### Exercise goal
The lines in the listing below are to be given again exactly, starting at the line holding "Neue Partner: H'Art-Labelmanagerin" and ending at the line holding "For Sale: $4,499,000". Do not include pictures.

### Data to examine
++++++++++

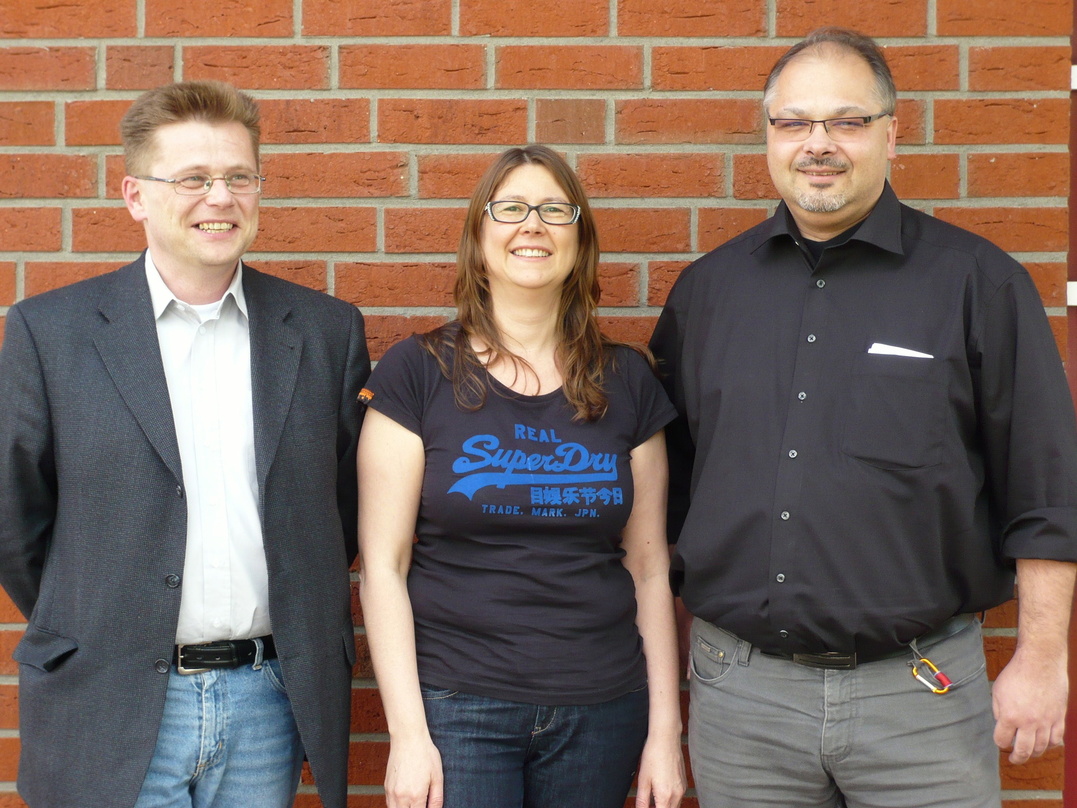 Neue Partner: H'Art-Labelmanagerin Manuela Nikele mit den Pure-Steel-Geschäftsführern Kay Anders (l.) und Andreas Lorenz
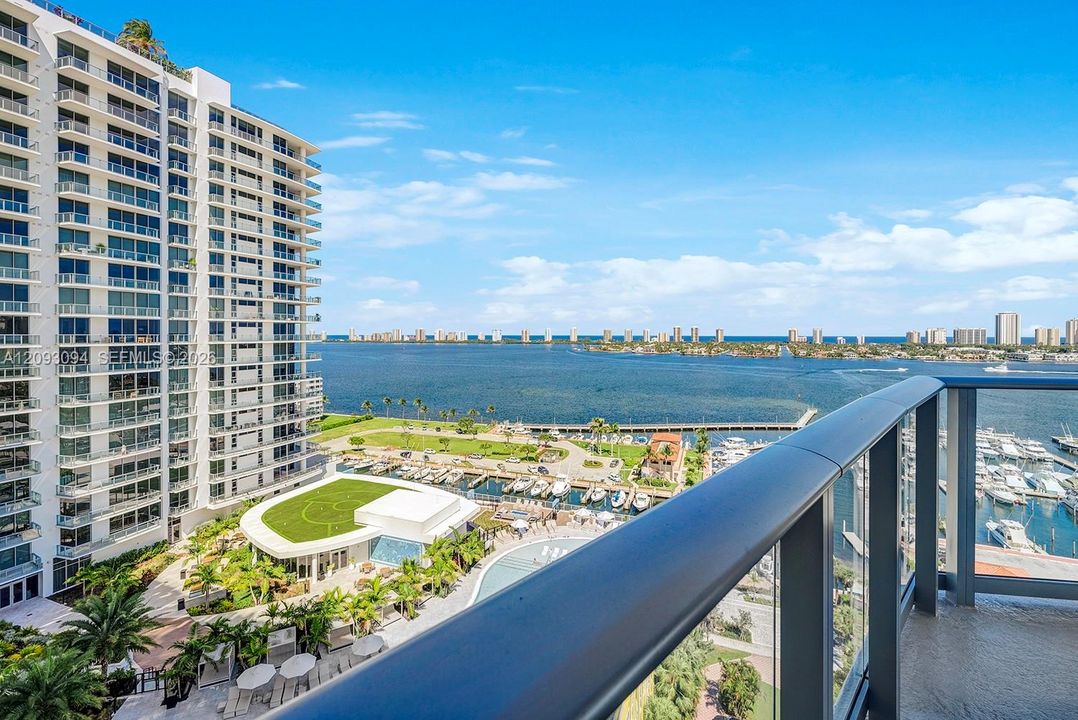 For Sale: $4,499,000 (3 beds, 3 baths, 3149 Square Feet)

++++++++++

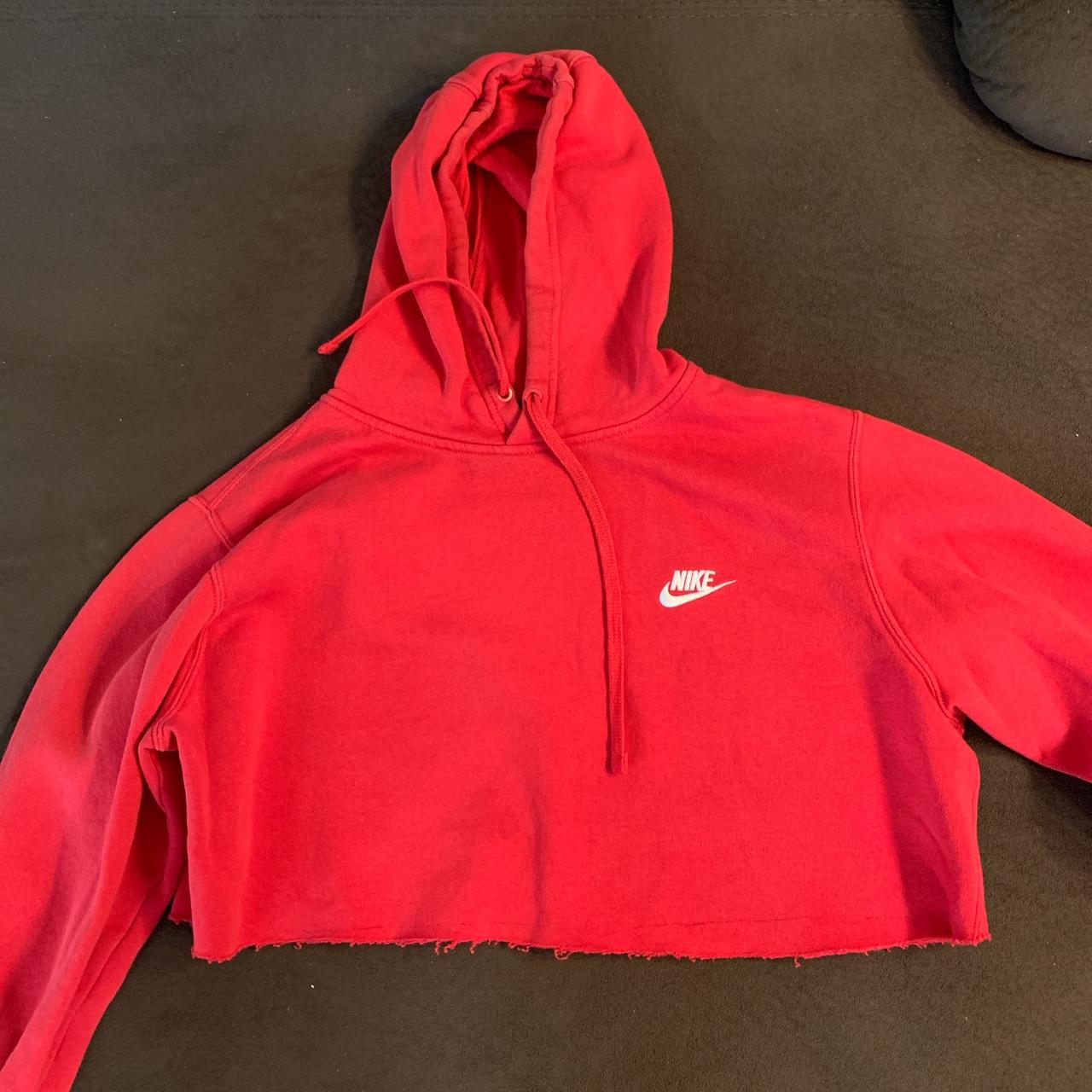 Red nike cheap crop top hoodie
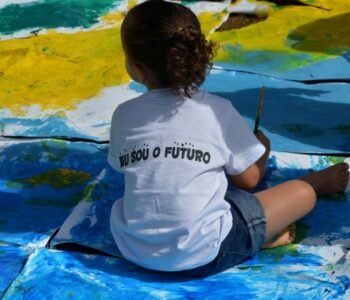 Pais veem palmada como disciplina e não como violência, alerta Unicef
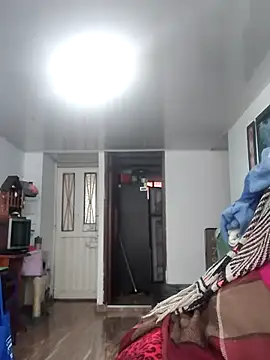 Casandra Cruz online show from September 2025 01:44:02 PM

++++++++++

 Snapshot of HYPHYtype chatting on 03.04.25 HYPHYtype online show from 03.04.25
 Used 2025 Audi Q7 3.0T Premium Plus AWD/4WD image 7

++++++++++

### Answer section
 Neue Partner: H'Art-Labelmanagerin Manuela Nikele mit den Pure-Steel-Geschäftsführern Kay Anders (l.) und Andreas Lorenz
 For Sale: $4,499,000 (3 beds, 3 baths, 3149 Square Feet)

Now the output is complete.